En un mundo globalizado, las fronteras físicas no detienen las relaciones civiles, comerciales ni familiares. Es cada vez más común que un tribunal extranjero dicte una sentencia que deba surtir efectos patrimoniales o personales en el territorio dominicano. Para que esa decisión foránea adquiera fuerza ejecutoria en nuestro país, el derecho internacional privado establece un mecanismo de homologación riguroso conocido como el exequátur.
El marco normativo de la Ley de Derecho Internacional Privado
Históricamente, el procedimiento de exequátur en la República Dominicana estuvo disperso y sujeto a interpretaciones analógicas de los códigos decimonónicos. Sin embargo, la promulgación de la Ley 544-14 sobre Derecho Internacional Privado vino a saldar esta deuda legislativa, dotando al país de un marco normativo moderno, claro y sistemático. Esta ley establece las reglas de competencia, el derecho aplicable y, de manera específica, las condiciones estrictas que debe reunir una decisión extranjera para ser reconocida y ejecutada por nuestros tribunales.
Requisitos ineludibles para la homologación
El proceso de exequátur, que se ventila ante la Cámara Civil y Comercial del Juzgado de Primera Instancia, no es una revisión del fondo del litigio original. El juez dominicano tiene prohibido reabrir el debate sobre quién tenía la razón en el país de origen. Su labor se limita a un control de regularidad formal y de compatibilidad sistémica.
Para que la homologación prospere, la sentencia extranjera debe cumplir con requisitos innegociables. Debe haber sido dictada por un tribunal competente según las normas de jurisdicción internacional. Además, debe tener autoridad de la cosa irrevocablemente juzgada en el Estado de origen, sin recursos pendientes de fallo. Igualmente, se debe garantizar mediante pruebas fehacientes que la parte demandada fue debidamente notificada, respetando su sagrado derecho al debido proceso y a la tutela judicial efectiva.
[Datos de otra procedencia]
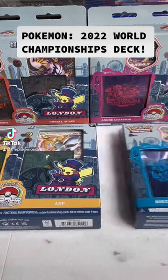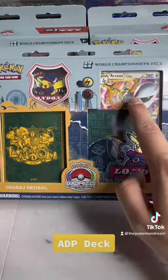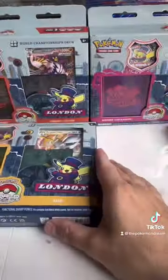What is up everybody, today I got my hands on the four brand new 2022 World Championship Deck Boxes. Now these products don't come with any booster pack of any type, so that's why I'm not opening them, but I'm going to be showcasing them.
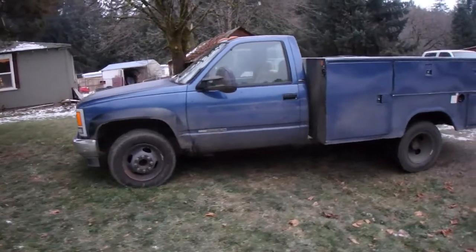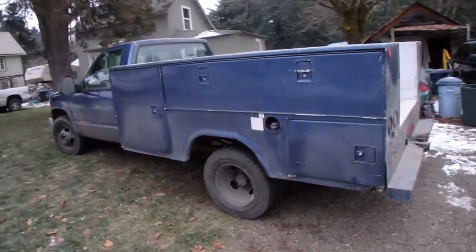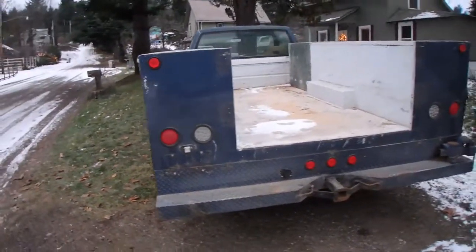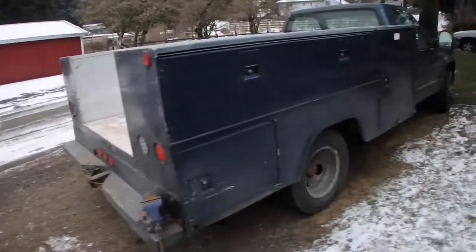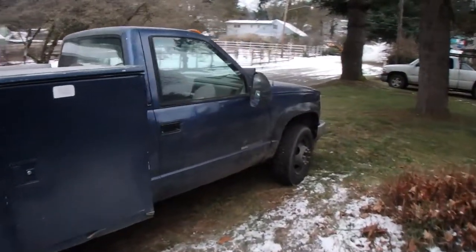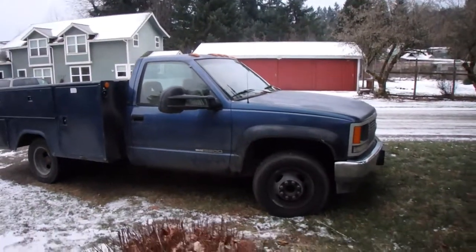I did a cold start on a 1993 GMC chassis cab with a 6.2-liter diesel motor. It was a former Air Force truck. So basically, what I want to do is a follow-up on that truck.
El filtro insalvable del orden público
El requisito más celosamente evaluado por los tribunales dominicanos es la compatibilidad con el orden público internacional dominicano. Si una sentencia extranjera contiene disposiciones que chocan frontalmente con los valores fundamentales, los derechos constitucionales o las leyes imperativas de la República Dominicana, el exequátur será denegado de plano. Este filtro es la válvula de seguridad que protege la soberanía jurídica del Estado, asegurando que la apertura hacia la justicia internacional no se traduzca en la importación de decisiones que subviertan los principios básicos de nuestra convivencia legal e institucional.